* **Goal of the exercise**
Your answer should be a single number: the count of lines in the entries below that contain "Gold".

* **Material provided**
╔══
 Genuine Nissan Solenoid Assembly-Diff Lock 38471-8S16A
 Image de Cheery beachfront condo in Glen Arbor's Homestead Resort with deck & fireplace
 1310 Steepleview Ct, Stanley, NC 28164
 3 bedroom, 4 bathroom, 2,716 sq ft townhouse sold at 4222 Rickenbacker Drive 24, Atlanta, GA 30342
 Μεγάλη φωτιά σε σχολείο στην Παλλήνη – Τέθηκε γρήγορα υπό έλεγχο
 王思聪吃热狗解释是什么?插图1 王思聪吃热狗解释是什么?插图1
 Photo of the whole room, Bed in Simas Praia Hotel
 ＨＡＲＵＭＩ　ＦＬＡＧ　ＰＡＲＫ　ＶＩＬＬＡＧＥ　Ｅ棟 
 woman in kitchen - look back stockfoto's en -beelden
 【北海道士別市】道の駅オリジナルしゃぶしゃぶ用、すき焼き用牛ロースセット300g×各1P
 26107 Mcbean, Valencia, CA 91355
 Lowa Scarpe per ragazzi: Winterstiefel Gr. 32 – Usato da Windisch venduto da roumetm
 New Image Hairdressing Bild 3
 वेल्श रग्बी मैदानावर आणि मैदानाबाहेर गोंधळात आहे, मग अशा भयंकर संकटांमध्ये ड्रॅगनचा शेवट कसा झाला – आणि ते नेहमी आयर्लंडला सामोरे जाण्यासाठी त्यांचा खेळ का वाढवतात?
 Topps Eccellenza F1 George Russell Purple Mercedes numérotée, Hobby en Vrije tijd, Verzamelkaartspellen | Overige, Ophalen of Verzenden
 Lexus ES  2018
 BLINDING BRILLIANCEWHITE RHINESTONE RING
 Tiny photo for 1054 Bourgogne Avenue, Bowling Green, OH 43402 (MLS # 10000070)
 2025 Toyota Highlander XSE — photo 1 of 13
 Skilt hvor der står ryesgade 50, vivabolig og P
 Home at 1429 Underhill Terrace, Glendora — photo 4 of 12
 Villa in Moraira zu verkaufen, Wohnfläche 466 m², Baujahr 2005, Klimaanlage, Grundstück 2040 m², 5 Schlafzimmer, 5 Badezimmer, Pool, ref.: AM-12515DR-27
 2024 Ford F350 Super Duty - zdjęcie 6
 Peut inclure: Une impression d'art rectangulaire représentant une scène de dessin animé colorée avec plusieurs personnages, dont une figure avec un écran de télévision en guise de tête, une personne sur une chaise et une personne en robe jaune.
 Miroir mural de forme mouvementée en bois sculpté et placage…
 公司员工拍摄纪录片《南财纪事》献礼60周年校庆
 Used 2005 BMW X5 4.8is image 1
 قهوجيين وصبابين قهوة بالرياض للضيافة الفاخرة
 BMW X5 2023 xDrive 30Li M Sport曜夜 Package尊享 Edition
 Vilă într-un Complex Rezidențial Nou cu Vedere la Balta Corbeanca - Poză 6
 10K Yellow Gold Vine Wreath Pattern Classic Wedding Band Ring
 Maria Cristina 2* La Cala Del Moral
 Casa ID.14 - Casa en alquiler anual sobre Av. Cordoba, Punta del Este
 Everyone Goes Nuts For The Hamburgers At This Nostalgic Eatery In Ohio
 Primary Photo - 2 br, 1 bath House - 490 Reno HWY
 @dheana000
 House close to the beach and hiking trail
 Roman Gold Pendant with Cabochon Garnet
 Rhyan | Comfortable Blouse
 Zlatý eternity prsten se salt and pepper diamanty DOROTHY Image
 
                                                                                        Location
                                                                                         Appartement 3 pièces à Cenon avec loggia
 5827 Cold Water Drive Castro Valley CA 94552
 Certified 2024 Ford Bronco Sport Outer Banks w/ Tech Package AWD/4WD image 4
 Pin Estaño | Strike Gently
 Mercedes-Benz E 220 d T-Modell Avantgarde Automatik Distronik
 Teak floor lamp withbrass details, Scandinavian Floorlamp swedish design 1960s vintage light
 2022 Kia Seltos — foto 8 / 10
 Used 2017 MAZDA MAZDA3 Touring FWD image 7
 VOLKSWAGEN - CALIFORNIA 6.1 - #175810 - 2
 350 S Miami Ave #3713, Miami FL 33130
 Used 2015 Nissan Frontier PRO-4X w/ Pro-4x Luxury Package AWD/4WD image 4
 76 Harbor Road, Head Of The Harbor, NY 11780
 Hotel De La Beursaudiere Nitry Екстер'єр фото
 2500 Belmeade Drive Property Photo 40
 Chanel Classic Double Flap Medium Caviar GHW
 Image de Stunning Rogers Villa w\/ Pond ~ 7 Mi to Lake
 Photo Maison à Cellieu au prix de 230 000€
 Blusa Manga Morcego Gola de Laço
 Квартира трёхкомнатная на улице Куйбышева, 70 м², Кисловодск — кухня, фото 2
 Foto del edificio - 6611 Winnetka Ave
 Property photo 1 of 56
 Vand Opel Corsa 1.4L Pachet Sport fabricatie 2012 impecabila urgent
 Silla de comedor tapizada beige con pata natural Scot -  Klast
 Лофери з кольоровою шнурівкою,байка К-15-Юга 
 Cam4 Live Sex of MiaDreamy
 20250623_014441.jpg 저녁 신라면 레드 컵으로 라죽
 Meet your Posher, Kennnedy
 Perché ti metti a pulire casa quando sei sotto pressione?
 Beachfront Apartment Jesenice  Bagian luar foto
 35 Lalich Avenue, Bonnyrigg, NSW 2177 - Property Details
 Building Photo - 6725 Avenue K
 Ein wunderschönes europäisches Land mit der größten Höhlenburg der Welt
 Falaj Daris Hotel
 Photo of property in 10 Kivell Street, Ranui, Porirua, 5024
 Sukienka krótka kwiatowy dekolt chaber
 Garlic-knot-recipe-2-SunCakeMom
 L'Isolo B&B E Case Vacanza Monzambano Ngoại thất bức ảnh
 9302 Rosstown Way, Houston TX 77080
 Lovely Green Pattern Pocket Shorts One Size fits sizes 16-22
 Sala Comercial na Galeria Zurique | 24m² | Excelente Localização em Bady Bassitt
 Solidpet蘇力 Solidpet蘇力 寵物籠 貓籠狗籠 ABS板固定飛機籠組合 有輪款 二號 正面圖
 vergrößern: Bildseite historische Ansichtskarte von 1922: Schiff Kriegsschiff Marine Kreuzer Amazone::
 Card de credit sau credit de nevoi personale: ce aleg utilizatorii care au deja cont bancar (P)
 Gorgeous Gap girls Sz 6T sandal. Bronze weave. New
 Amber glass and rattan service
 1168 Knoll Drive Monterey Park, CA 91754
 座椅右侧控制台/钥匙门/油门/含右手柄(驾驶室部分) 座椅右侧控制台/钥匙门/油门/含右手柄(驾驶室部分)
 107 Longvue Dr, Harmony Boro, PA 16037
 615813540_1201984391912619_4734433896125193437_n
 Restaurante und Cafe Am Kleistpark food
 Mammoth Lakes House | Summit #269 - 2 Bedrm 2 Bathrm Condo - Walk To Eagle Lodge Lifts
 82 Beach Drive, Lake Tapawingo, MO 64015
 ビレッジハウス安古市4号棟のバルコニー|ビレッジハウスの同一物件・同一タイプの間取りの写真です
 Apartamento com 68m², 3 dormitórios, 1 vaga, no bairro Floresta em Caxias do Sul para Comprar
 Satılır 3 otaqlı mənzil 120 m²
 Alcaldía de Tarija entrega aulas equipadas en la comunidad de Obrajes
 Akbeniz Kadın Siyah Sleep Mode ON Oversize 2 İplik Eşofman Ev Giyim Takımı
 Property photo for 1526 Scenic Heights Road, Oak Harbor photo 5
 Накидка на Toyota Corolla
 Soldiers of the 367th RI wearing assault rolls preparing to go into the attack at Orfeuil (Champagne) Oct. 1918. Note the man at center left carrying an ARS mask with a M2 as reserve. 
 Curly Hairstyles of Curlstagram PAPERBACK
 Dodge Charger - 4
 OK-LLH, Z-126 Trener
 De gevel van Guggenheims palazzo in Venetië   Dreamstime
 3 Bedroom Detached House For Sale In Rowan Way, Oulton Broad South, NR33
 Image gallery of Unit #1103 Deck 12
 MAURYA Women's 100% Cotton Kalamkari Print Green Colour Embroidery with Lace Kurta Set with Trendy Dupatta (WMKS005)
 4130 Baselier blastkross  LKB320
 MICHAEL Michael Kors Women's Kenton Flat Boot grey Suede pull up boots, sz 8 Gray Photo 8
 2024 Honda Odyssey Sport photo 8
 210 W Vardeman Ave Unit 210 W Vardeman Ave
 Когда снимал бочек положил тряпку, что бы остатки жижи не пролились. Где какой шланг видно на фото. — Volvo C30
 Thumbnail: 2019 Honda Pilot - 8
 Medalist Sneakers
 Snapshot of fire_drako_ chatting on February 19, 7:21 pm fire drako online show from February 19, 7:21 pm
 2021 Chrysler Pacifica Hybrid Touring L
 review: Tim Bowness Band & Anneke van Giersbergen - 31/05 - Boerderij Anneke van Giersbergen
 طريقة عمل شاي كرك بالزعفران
╚══
* **Exercise response**
2